## ABOUT THIS EXERCISE
Take the entries below and retype them exactly.

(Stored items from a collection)
--------------------

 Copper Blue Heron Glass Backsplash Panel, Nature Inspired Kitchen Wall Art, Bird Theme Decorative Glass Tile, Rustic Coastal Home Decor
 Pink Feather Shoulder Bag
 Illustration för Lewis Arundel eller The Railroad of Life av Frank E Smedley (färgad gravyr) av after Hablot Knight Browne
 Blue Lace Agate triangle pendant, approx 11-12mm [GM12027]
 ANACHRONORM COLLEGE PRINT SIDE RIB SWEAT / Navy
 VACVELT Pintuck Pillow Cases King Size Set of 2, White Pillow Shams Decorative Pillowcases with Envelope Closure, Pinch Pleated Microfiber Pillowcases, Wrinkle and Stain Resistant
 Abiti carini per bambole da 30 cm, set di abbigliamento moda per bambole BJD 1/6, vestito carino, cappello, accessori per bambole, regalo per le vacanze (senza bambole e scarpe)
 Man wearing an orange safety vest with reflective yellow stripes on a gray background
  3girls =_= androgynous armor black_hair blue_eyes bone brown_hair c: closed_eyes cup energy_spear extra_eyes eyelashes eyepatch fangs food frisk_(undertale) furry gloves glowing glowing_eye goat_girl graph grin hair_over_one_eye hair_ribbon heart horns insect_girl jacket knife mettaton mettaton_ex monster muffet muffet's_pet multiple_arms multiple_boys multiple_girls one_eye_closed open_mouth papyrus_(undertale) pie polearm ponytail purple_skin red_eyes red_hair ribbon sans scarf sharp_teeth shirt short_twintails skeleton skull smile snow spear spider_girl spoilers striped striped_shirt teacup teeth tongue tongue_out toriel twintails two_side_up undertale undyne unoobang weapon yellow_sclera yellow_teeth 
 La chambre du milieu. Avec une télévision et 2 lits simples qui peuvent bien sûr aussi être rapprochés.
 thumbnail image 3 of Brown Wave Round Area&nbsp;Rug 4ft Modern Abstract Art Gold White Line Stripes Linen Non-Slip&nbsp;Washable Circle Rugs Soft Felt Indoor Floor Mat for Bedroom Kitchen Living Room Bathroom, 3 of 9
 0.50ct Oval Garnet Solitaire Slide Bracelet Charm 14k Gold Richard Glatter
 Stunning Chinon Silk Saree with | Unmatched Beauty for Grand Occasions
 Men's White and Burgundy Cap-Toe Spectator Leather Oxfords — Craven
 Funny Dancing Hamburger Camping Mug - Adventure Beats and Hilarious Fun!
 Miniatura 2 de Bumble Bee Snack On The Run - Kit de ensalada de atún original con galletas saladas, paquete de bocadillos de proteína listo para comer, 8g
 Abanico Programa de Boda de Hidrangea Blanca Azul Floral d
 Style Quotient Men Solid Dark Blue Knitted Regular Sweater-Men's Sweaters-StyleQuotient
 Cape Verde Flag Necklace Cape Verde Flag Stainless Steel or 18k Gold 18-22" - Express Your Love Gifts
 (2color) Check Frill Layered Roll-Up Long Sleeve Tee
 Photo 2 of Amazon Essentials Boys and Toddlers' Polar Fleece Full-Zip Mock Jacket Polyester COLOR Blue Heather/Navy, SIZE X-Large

--------------------

## RESULT
 Copper Blue Heron Glass Backsplash Panel, Nature Inspired Kitchen Wall Art, Bird Theme Decorative Glass Tile, Rustic Coastal Home Decor
 Pink Feather Shoulder Bag
 Illustration för Lewis Arundel eller The Railroad of Life av Frank E Smedley (färgad gravyr) av after Hablot Knight Browne
 Blue Lace Agate triangle pendant, approx 11-12mm [GM12027]
 ANACHRONORM COLLEGE PRINT SIDE RIB SWEAT / Navy
 VACVELT Pintuck Pillow Cases King Size Set of 2, White Pillow Shams Decorative Pillowcases with Envelope Closure, Pinch Pleated Microfiber Pillowcases, Wrinkle and Stain Resistant
 Abiti carini per bambole da 30 cm, set di abbigliamento moda per bambole BJD 1/6, vestito carino, cappello, accessori per bambole, regalo per le vacanze (senza bambole e scarpe)
 Man wearing an orange safety vest with reflective yellow stripes on a gray background
  3girls =_= androgynous armor black_hair blue_eyes bone brown_hair c: closed_eyes cup energy_spear extra_eyes eyelashes eyepatch fangs food frisk_(undertale) furry gloves glowing glowing_eye goat_girl graph grin hair_over_one_eye hair_ribbon heart horns insect_girl jacket knife mettaton mettaton_ex monster muffet muffet's_pet multiple_arms multiple_boys multiple_girls one_eye_closed open_mouth papyrus_(undertale) pie polearm ponytail purple_skin red_eyes red_hair ribbon sans scarf sharp_teeth shirt short_twintails skeleton skull smile snow spear spider_girl spoilers striped striped_shirt teacup teeth tongue tongue_out toriel twintails two_side_up undertale undyne unoobang weapon yellow_sclera yellow_teeth 
 La chambre du milieu. Avec une télévision et 2 lits simples qui peuvent bien sûr aussi être rapprochés.
 thumbnail image 3 of Brown Wave Round Area&nbsp;Rug 4ft Modern Abstract Art Gold White Line Stripes Linen Non-Slip&nbsp;Washable Circle Rugs Soft Felt Indoor Floor Mat for Bedroom Kitchen Living Room Bathroom, 3 of 9
 0.50ct Oval Garnet Solitaire Slide Bracelet Charm 14k Gold Richard Glatter
 Stunning Chinon Silk Saree with | Unmatched Beauty for Grand Occasions
 Men's White and Burgundy Cap-Toe Spectator Leather Oxfords — Craven
 Funny Dancing Hamburger Camping Mug - Adventure Beats and Hilarious Fun!
 Miniatura 2 de Bumble Bee Snack On The Run - Kit de ensalada de atún original con galletas saladas, paquete de bocadillos de proteína listo para comer, 8g
 Abanico Programa de Boda de Hidrangea Blanca Azul Floral d
 Style Quotient Men Solid Dark Blue Knitted Regular Sweater-Men's Sweaters-StyleQuotient
 Cape Verde Flag Necklace Cape Verde Flag Stainless Steel or 18k Gold 18-22" - Express Your Love Gifts
 (2color) Check Frill Layered Roll-Up Long Sleeve Tee
 Photo 2 of Amazon Essentials Boys and Toddlers' Polar Fleece Full-Zip Mock Jacket Polyester COLOR Blue Heather/Navy, SIZE X-Large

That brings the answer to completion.